## Assignment
Omit each picture as you copy the entries exactly.

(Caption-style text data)
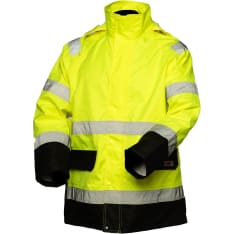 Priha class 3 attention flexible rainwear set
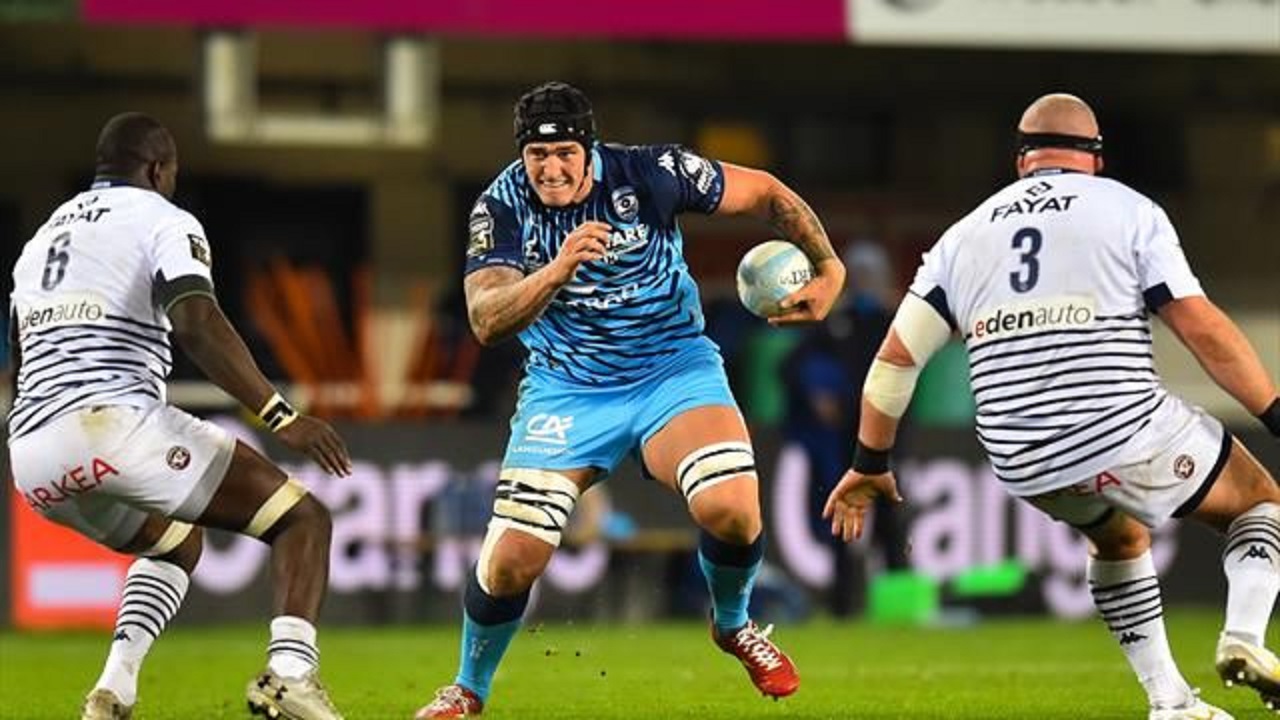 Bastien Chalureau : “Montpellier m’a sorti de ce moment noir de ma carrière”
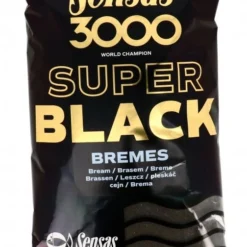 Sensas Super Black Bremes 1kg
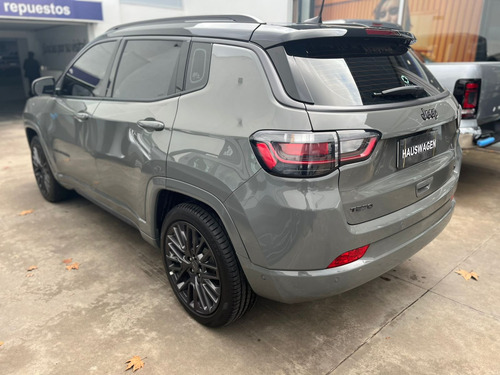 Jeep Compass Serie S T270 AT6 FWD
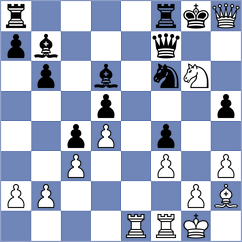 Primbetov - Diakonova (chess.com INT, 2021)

## Exercise result
 Priha class 3 attention flexible rainwear set
 Bastien Chalureau : “Montpellier m’a sorti de ce moment noir de ma carrière”
 Sensas Super Black Bremes 1kg
 Jeep Compass Serie S T270 AT6 FWD
 Primbetov - Diakonova (chess.com INT, 2021)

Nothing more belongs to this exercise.